It's par for the course at some of the bigger meetings were charged with attending that someone suggests we all "go around the table and introduce ourselves."
This is a nauseating process for many reasons, not the least of which is its pro-forma unctuousness. Usually however, I learn something about the people I'm sharing the table with.
There are those, for instance, who say their whole titles, they utter things like "I'm a group executive associate creative director." That "description" of course leaves you with no idea what these people actually do all day. I much prefer the people in the room who say something simpler, like "I'm a copywriter."
In any event last night I took Whiskey, my ten-month-old golden retriever, into the dog run that is not far from my apartment house. I was standing next to a young lady who promptly let out an old lady's sigh.

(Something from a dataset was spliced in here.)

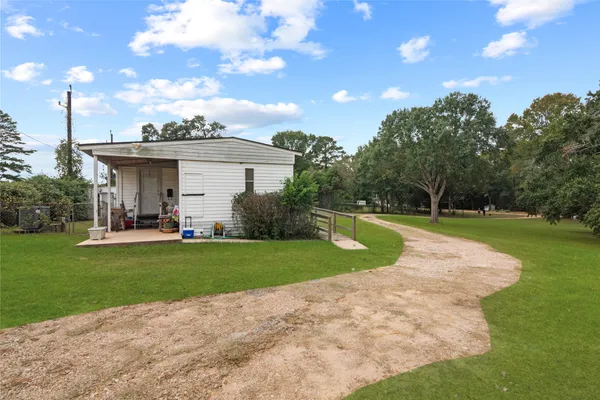 a view of a house with a big yard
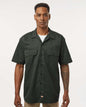 Man wearing a dark green short-sleeve shirt on a white background. Dickie's Men's Shirt Sleeve Work Shirt, Embroidered by Helmsman Stitch Co.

"Tough day at work?" I asked.
"Yeah," she said.
"I recognize the sigh." I responded. "What do you do?"
"I'm a marketing strategist for the MTA."
Hearing that, I wondered what does a marketing strategist for the Metropolitan Transportation Authority do?
Do you strategize about the circled numbers and letters that indicate train lines? Maybe the IRT should be blue and the BMT red?
Do you do double-blind studies that conclude that trains should run on time and actually be well-lit?
We have "double-speaked" our business and our lives to the point of oblivion.